What is needed
Copy the whole listing below exactly.
** Opening Given data block **
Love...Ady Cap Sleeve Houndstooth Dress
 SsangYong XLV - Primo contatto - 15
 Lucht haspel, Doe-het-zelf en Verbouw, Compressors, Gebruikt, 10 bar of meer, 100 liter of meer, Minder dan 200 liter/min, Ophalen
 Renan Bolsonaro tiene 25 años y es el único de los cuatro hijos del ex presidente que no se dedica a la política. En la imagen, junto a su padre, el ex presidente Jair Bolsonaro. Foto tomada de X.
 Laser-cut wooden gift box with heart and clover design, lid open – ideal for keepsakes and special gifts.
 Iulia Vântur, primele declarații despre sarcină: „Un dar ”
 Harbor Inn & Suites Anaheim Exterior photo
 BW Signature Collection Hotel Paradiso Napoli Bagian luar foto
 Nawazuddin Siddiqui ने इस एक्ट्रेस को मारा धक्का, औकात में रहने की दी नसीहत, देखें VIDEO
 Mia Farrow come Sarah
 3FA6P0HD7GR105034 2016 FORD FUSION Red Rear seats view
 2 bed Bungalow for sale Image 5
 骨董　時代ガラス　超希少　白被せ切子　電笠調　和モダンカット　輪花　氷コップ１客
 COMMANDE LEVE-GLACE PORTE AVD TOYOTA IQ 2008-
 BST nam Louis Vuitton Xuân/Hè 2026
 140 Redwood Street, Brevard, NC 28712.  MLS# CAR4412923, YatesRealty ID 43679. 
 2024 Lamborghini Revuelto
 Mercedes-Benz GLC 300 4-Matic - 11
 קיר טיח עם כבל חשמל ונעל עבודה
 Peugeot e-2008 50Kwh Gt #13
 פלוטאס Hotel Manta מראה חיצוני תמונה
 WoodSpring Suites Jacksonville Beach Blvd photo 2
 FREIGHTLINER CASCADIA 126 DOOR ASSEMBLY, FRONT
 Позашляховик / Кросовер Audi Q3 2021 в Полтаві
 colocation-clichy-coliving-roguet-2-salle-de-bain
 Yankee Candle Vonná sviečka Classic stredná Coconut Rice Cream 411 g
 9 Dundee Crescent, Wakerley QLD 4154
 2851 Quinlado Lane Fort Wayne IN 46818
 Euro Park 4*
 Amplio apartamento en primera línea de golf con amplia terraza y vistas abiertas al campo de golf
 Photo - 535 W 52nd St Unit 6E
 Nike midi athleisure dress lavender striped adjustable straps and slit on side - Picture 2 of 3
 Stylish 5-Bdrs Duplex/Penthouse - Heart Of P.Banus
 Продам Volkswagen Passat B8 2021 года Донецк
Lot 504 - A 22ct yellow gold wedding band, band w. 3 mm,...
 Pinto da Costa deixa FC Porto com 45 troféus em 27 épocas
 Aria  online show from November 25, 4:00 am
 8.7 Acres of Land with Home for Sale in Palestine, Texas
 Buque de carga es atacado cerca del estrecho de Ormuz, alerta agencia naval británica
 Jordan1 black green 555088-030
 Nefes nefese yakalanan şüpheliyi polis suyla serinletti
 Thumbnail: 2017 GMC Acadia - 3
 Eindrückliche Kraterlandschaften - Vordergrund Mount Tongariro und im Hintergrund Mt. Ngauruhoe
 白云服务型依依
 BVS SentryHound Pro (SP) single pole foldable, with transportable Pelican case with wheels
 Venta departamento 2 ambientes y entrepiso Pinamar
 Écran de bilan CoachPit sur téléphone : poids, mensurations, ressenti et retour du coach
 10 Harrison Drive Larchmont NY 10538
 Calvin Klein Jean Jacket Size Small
** Closing Given data block **
Task output
Love...Ady Cap Sleeve Houndstooth Dress
 SsangYong XLV - Primo contatto - 15
 Lucht haspel, Doe-het-zelf en Verbouw, Compressors, Gebruikt, 10 bar of meer, 100 liter of meer, Minder dan 200 liter/min, Ophalen
 Renan Bolsonaro tiene 25 años y es el único de los cuatro hijos del ex presidente que no se dedica a la política. En la imagen, junto a su padre, el ex presidente Jair Bolsonaro. Foto tomada de X.
 Laser-cut wooden gift box with heart and clover design, lid open – ideal for keepsakes and special gifts.
 Iulia Vântur, primele declarații despre sarcină: „Un dar ”
 Harbor Inn & Suites Anaheim Exterior photo
 BW Signature Collection Hotel Paradiso Napoli Bagian luar foto
 Nawazuddin Siddiqui ने इस एक्ट्रेस को मारा धक्का, औकात में रहने की दी नसीहत, देखें VIDEO
 Mia Farrow come Sarah
 3FA6P0HD7GR105034 2016 FORD FUSION Red Rear seats view
 2 bed Bungalow for sale Image 5
 骨董　時代ガラス　超希少　白被せ切子　電笠調　和モダンカット　輪花　氷コップ１客
 COMMANDE LEVE-GLACE PORTE AVD TOYOTA IQ 2008-
 BST nam Louis Vuitton Xuân/Hè 2026
 140 Redwood Street, Brevard, NC 28712.  MLS# CAR4412923, YatesRealty ID 43679. 
 2024 Lamborghini Revuelto
 Mercedes-Benz GLC 300 4-Matic - 11
 קיר טיח עם כבל חשמל ונעל עבודה
 Peugeot e-2008 50Kwh Gt #13
 פלוטאס Hotel Manta מראה חיצוני תמונה
 WoodSpring Suites Jacksonville Beach Blvd photo 2
 FREIGHTLINER CASCADIA 126 DOOR ASSEMBLY, FRONT
 Позашляховик / Кросовер Audi Q3 2021 в Полтаві
 colocation-clichy-coliving-roguet-2-salle-de-bain
 Yankee Candle Vonná sviečka Classic stredná Coconut Rice Cream 411 g
 9 Dundee Crescent, Wakerley QLD 4154
 2851 Quinlado Lane Fort Wayne IN 46818
 Euro Park 4*
 Amplio apartamento en primera línea de golf con amplia terraza y vistas abiertas al campo de golf
 Photo - 535 W 52nd St Unit 6E
 Nike midi athleisure dress lavender striped adjustable straps and slit on side - Picture 2 of 3
 Stylish 5-Bdrs Duplex/Penthouse - Heart Of P.Banus
 Продам Volkswagen Passat B8 2021 года Донецк
Lot 504 - A 22ct yellow gold wedding band, band w. 3 mm,...
 Pinto da Costa deixa FC Porto com 45 troféus em 27 épocas
 Aria  online show from November 25, 4:00 am
 8.7 Acres of Land with Home for Sale in Palestine, Texas
 Buque de carga es atacado cerca del estrecho de Ormuz, alerta agencia naval británica
 Jordan1 black green 555088-030
 Nefes nefese yakalanan şüpheliyi polis suyla serinletti
 Thumbnail: 2017 GMC Acadia - 3
 Eindrückliche Kraterlandschaften - Vordergrund Mount Tongariro und im Hintergrund Mt. Ngauruhoe
 白云服务型依依
 BVS SentryHound Pro (SP) single pole foldable, with transportable Pelican case with wheels
 Venta departamento 2 ambientes y entrepiso Pinamar
 Écran de bilan CoachPit sur téléphone : poids, mensurations, ressenti et retour du coach
 10 Harrison Drive Larchmont NY 10538
 Calvin Klein Jean Jacket Size Small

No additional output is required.